## Exercise requirements
Every line of the material needs an exact copy, apart from the images.

Data shown section start

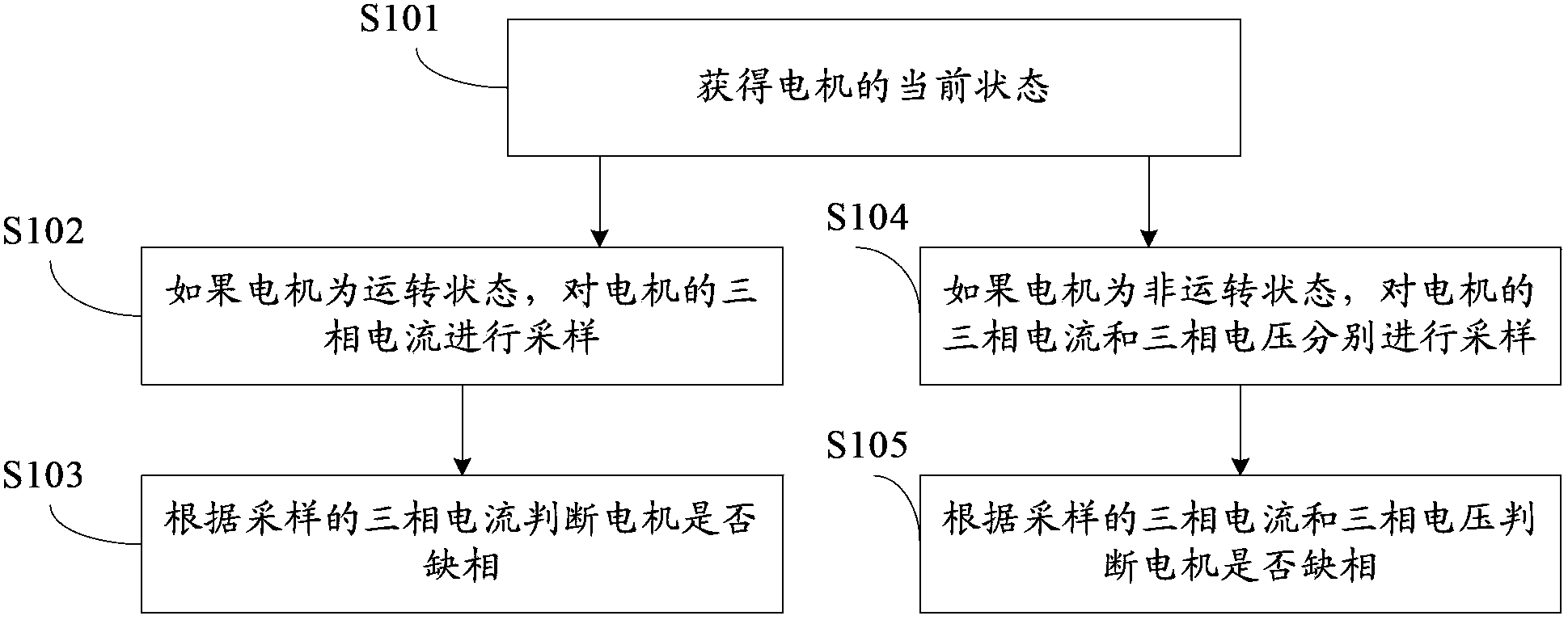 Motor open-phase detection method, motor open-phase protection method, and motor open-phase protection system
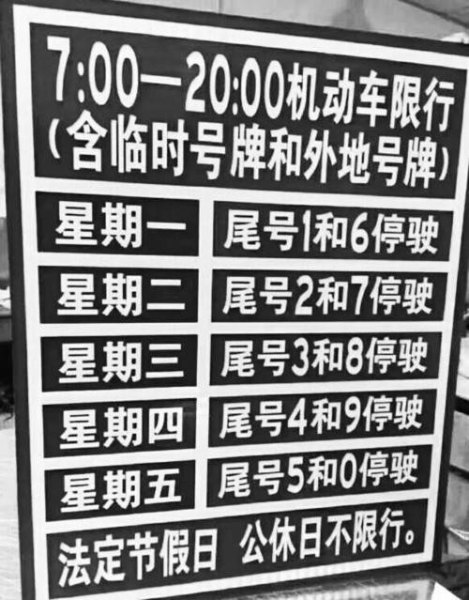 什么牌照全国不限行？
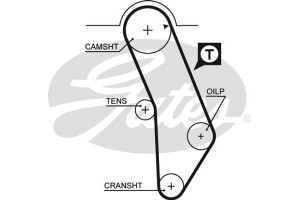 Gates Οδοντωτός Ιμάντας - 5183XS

Data shown section end

## Output for this task
 Motor open-phase detection method, motor open-phase protection method, and motor open-phase protection system
 什么牌照全国不限行？
 Gates Οδοντωτός Ιμάντας - 5183XS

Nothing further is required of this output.